他身为质子入京,身份本就极为尴尬,为了自保只能如此。

        纪眠山久久不接话,窗棂漏进一丝风,带来许多清凉。

        他狭长眸子眼角微挑,举手投足都带着与生俱来的优雅贵气,那双眼静静盯着你时,里面什么情绪也没有,像深潭照人,好像什么细微的动作表情都逃不开他的凝视。

        特尔木算是明白了,大历朝位高权重的,约莫都喜欢这么盯人看,被瞧得久了,他一个彪壮汉子都觉得阴森。
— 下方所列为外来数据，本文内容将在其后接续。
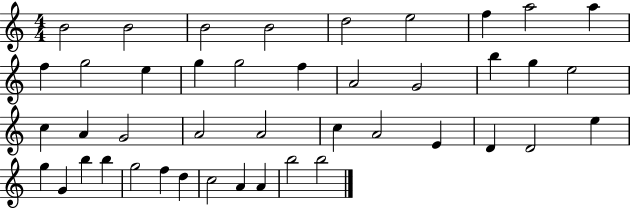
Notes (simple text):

B4/h B4/h B4/h B4/h D5/h E5/h F5/q A5/h A5/q F5/q G5/h E5/q G5/q G5/h F5/q A4/h G4/h B5/q G5/q E5/h C5/q A4/q G4/h A4/h A4/h C5/q A4/h E4/q D4/q D4/h E5/q G5/q G4/q B5/q B5/q G5/h F5/q D5/q C5/h A4/q A4/q B5/h B5/h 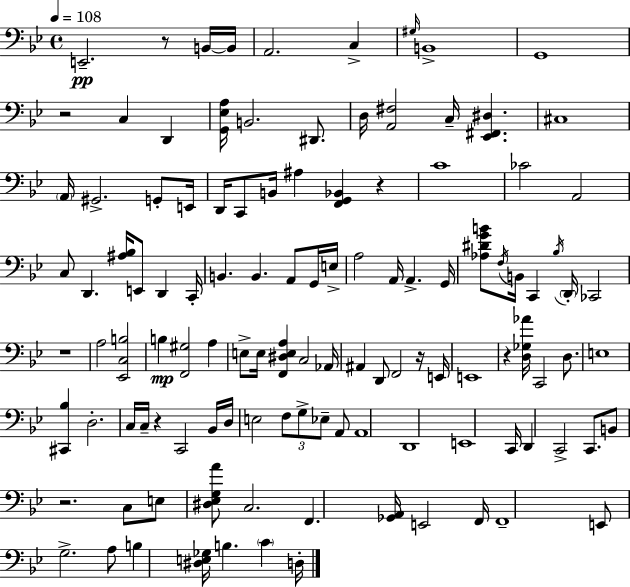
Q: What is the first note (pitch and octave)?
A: E2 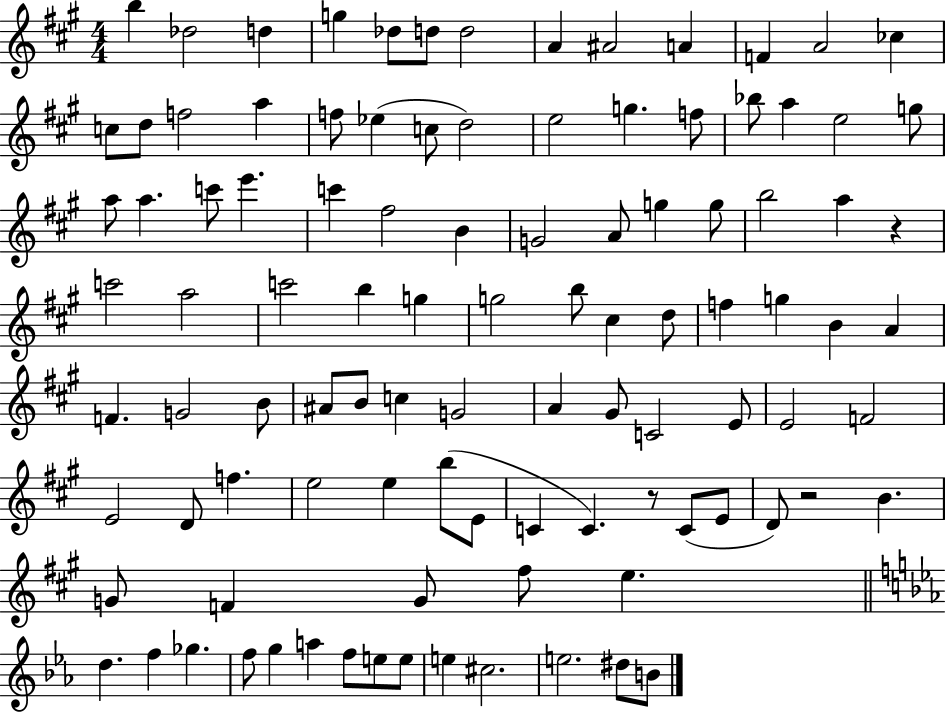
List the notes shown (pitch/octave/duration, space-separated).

B5/q Db5/h D5/q G5/q Db5/e D5/e D5/h A4/q A#4/h A4/q F4/q A4/h CES5/q C5/e D5/e F5/h A5/q F5/e Eb5/q C5/e D5/h E5/h G5/q. F5/e Bb5/e A5/q E5/h G5/e A5/e A5/q. C6/e E6/q. C6/q F#5/h B4/q G4/h A4/e G5/q G5/e B5/h A5/q R/q C6/h A5/h C6/h B5/q G5/q G5/h B5/e C#5/q D5/e F5/q G5/q B4/q A4/q F4/q. G4/h B4/e A#4/e B4/e C5/q G4/h A4/q G#4/e C4/h E4/e E4/h F4/h E4/h D4/e F5/q. E5/h E5/q B5/e E4/e C4/q C4/q. R/e C4/e E4/e D4/e R/h B4/q. G4/e F4/q G4/e F#5/e E5/q. D5/q. F5/q Gb5/q. F5/e G5/q A5/q F5/e E5/e E5/e E5/q C#5/h. E5/h. D#5/e B4/e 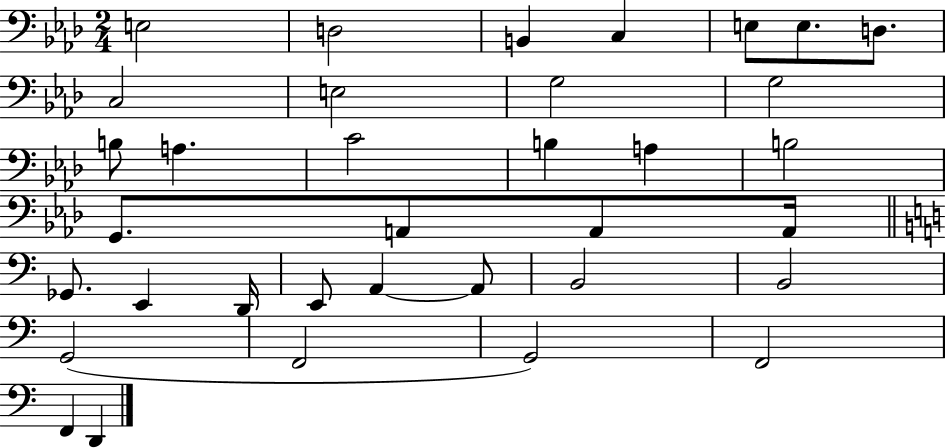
{
  \clef bass
  \numericTimeSignature
  \time 2/4
  \key aes \major
  e2 | d2 | b,4 c4 | e8 e8. d8. | \break c2 | e2 | g2 | g2 | \break b8 a4. | c'2 | b4 a4 | b2 | \break g,8. a,8 a,8 a,16 | \bar "||" \break \key c \major ges,8. e,4 d,16 | e,8 a,4~~ a,8 | b,2 | b,2 | \break g,2( | f,2 | g,2) | f,2 | \break f,4 d,4 | \bar "|."
} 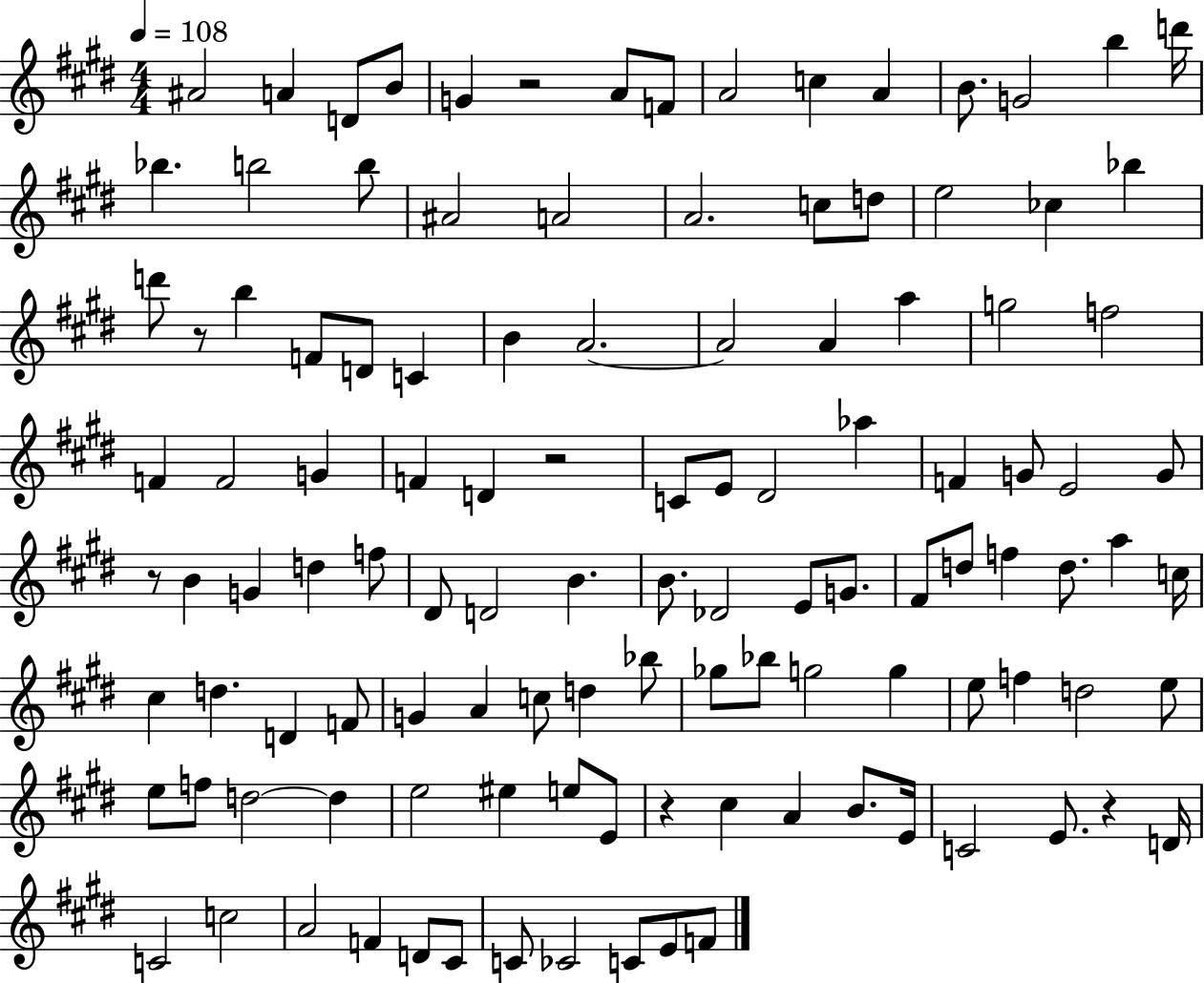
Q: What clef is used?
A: treble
        纪眠山却突然笑了,饶有兴味地说:“王子是个明白人,说话却喜欢藏一半,若是真有心要帮我做些什么,这么遮遮掩掩的可不大够。”

        特尔木怔了怔。

        纪眠山好整以暇地撑着下巴,笑道:“你再坦白点。”

        “王爷是觉得我诚意不够?”特尔木试探地问,神情开始不自然起来。

        “谋事谋事,讲究的就是一个说。”纪眠山略带惋惜地站起身,不再看特尔木的面色,“王子应该是很想家,不然怎么可能出趟院门,要带那么多仆人。”

        他说得平缓,配上他清润柔和的嗓音,像在说再寻常不过的事情。

        节气开始慢慢变寒,皇城已然说不上温暖,特尔木的后背却渗出一层薄汗。